# Task goal:
The pictures are to be left out, and all remaining data is to be transcribed exactly as it appears.

# Provided entries:
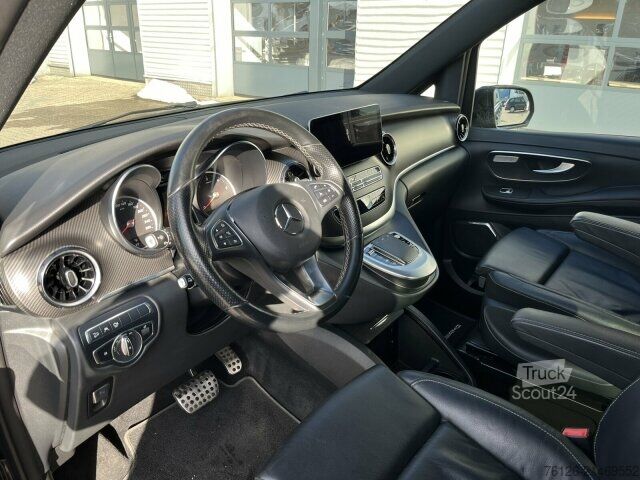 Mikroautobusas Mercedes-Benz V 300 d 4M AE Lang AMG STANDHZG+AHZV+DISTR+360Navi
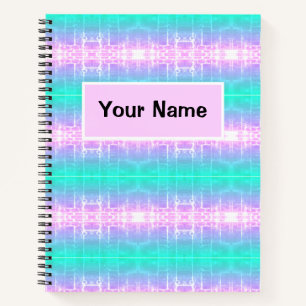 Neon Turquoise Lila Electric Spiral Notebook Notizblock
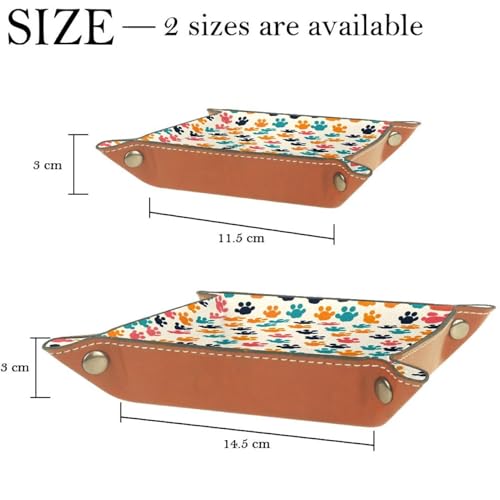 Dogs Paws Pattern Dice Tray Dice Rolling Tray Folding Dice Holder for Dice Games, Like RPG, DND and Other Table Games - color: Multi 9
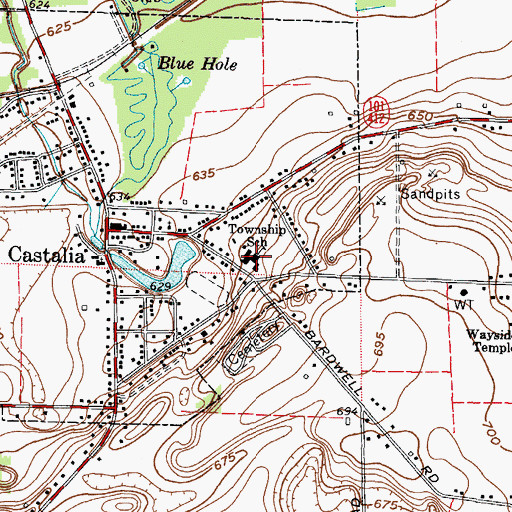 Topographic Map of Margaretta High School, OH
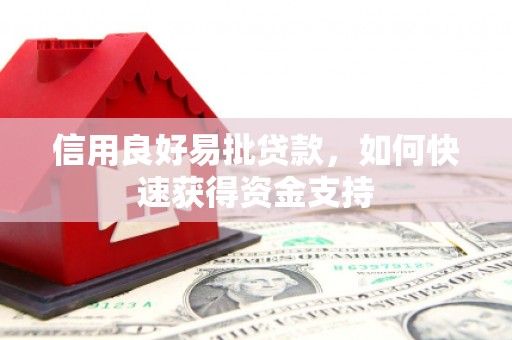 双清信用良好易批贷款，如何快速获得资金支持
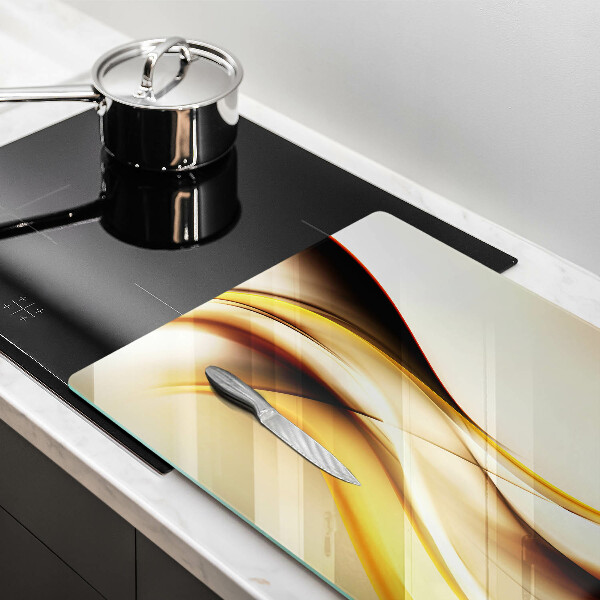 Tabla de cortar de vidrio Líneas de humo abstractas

# Response to the task:
 Mikroautobusas Mercedes-Benz V 300 d 4M AE Lang AMG STANDHZG+AHZV+DISTR+360Navi
 Neon Turquoise Lila Electric Spiral Notebook Notizblock
 Dogs Paws Pattern Dice Tray Dice Rolling Tray Folding Dice Holder for Dice Games, Like RPG, DND and Other Table Games - color: Multi 9
 Topographic Map of Margaretta High School, OH
 双清信用良好易批贷款，如何快速获得资金支持
 Tabla de cortar de vidrio Líneas de humo abstractas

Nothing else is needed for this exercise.